## [Data to process]
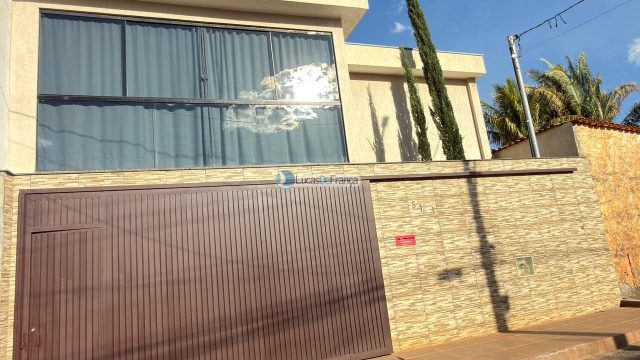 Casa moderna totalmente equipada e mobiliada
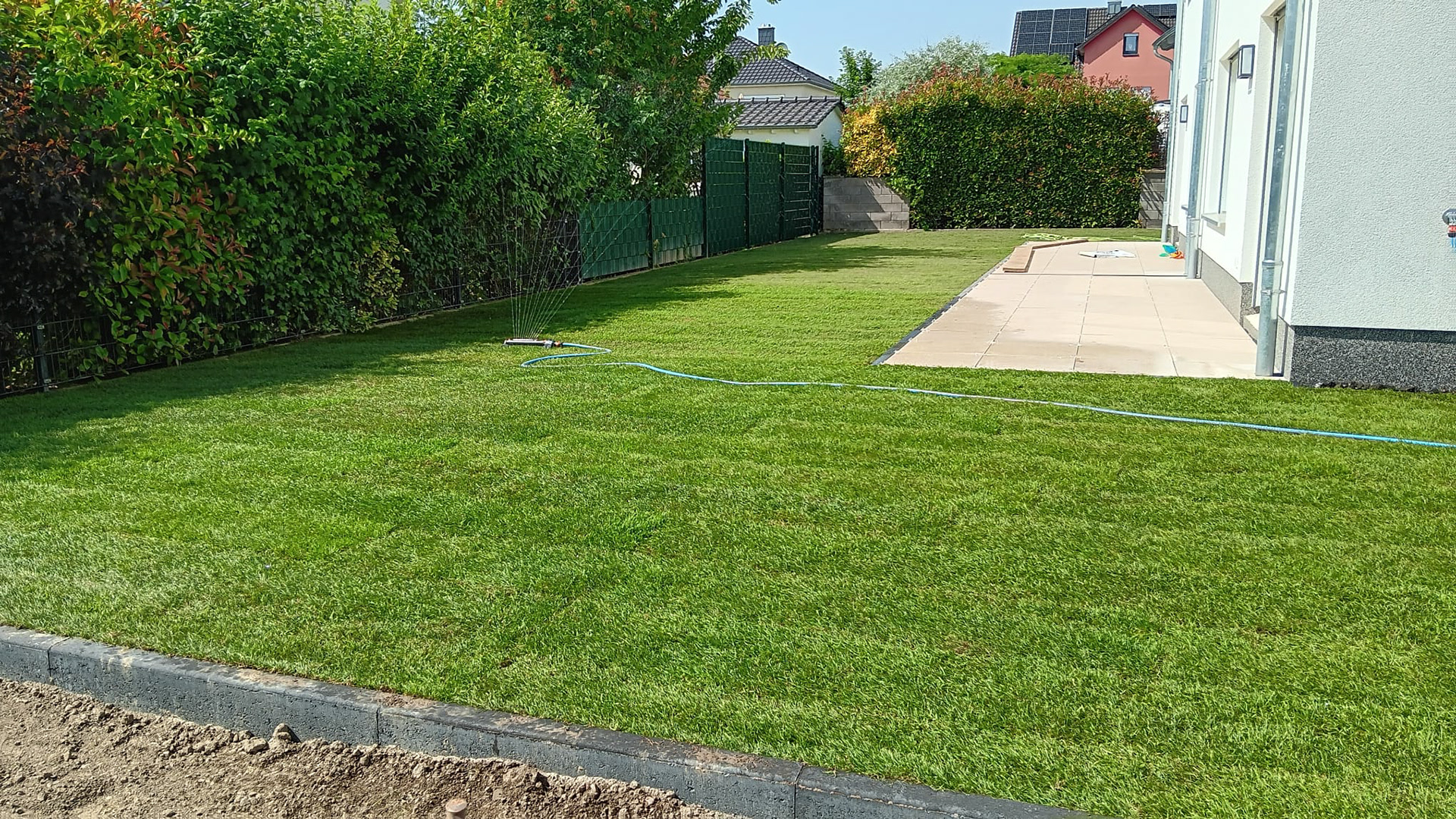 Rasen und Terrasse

==

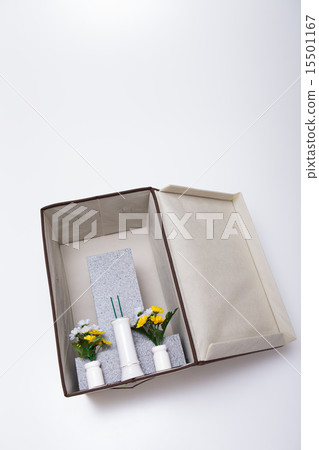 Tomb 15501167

## [Assigned task]
A verbatim reproduction is expected: starting at the line above that has "Casa moderna totalmente equipada e mobiliada", ending at the line that has "Rasen und Terrasse", both included, and with no pictures and no other lines.

## [Exercise solution]
 Casa moderna totalmente equipada e mobiliada
 Rasen und Terrasse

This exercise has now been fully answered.